March 27, 2017 - 6:30 PM

Battleground Virginia: Tom Perriello


by Upma Kapoor

On Monday, March 27, students and journalists gathered in Old North to hear about Virginia’s gubernatorial governor race firsthand from one of the democratic candidates, Tom Perriello. The dialogue between students and candidate, moderated by the New York Times’ White House Correspondent, Michael Shear, revolved around Perriello’s experiences, qualifications, and “political courage” moving into this gubernatorial race.   

Virginia is one of two states in the country that holds off-year elections. Shear prefaced his conversation with the reality that this election “gives us an idea of what the broader electorate thinks a year after a Presidential candidate.” The landscape is contrary to most states, and Perriello agreed, saying that this will be an election that defines the next decade of Virginia politics. He asserted “we will be a firewall against the politics of hate and bigotry” in the age of a Donald Trump presidency.

As a candidate, Perriello’s background can be attractive to Georgetown students interested in government and international politics. He is a Virginia native, Southern liberal running on state’s rights, has won a red district, and is a former Special Envoy to the Great Lakes region of Africa under the Obama Administration. Students and Shear alike were curious about this balance: how does a politician bridge national and domestic interests with experiences in diplomacy?
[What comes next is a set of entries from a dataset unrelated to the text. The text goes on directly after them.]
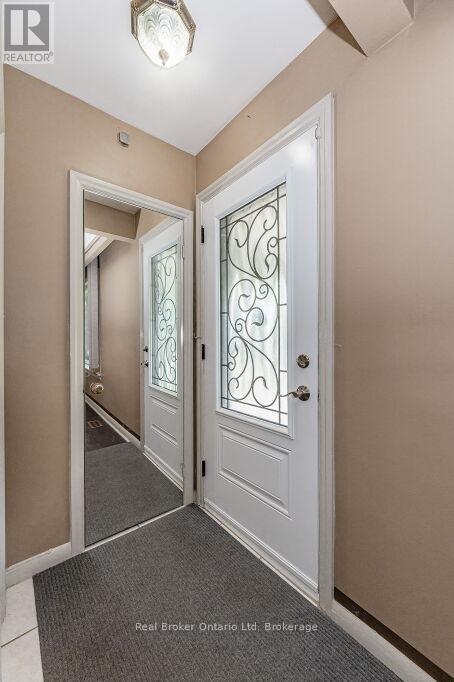 Building Photo - 195 Edinburgh Rd S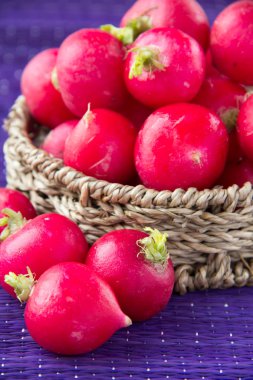 hasır sepet içinde turp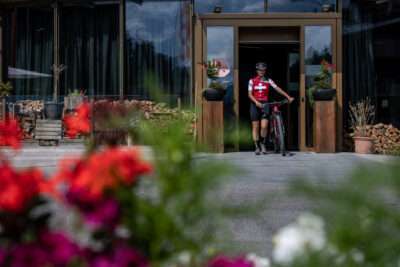 Mountainbikerin Lorena Cadalbert vor dem Peaks Place Hotel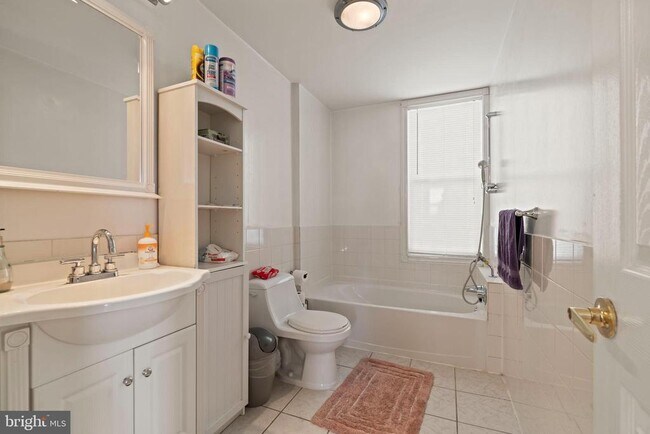 Building Photo - 233 Melrose Ave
Perriello shared that his peace negotiations overseas made it easier to come back and work in the United States. His experiences abroad have informed his work in talking and working with people from different cultures. Perriello believes this is how he won as a democrat in a red district, and as a “Yale guy who hung out in Afghanistan and Sierra Leone,” he is able to break down walls that may otherwise isolate Trump supporters. He joked that his “political courage” in voting in favor of the Affordable Care Act—a vote that cost him his seat in Congress—is often remarked as political courage. He responded, “the bar is low for political courage,” and went on describe the women he worked with abroad in catalyzing effective change within their communities, citing this as one of his inspirations in moving forward.

Once the floor opened for questions, students asked Perriello about protecting undocumented immigrants, gun control and universal background checks, and the Affordable Care Act. With health care, Perriello believes that Virginia will continue its efforts towards universality and affordability.

To his belief, the Affordable Care Act continues to survive today because of two reasons: stories and size. “Democrats see it beneath them to do storytelling,” but what he argues that people remember and fight for are the stories people shared, and the size of the protests that showed up to dispute the bill’s repeal. Perriello stated simply, “Democrats need to do more on logos and mythos.”

As Perriello is one of two democratic candidates running for governorship, he seemed adamant about what his run could mean for the state, the country, and the Democratic Party. “Virginia has come a long way. We are the birthplace of democracy and slavery.” He plans to push through with a campaign echoing progressive and inclusive values, which is now classified as a blueprint for the Democratic Party.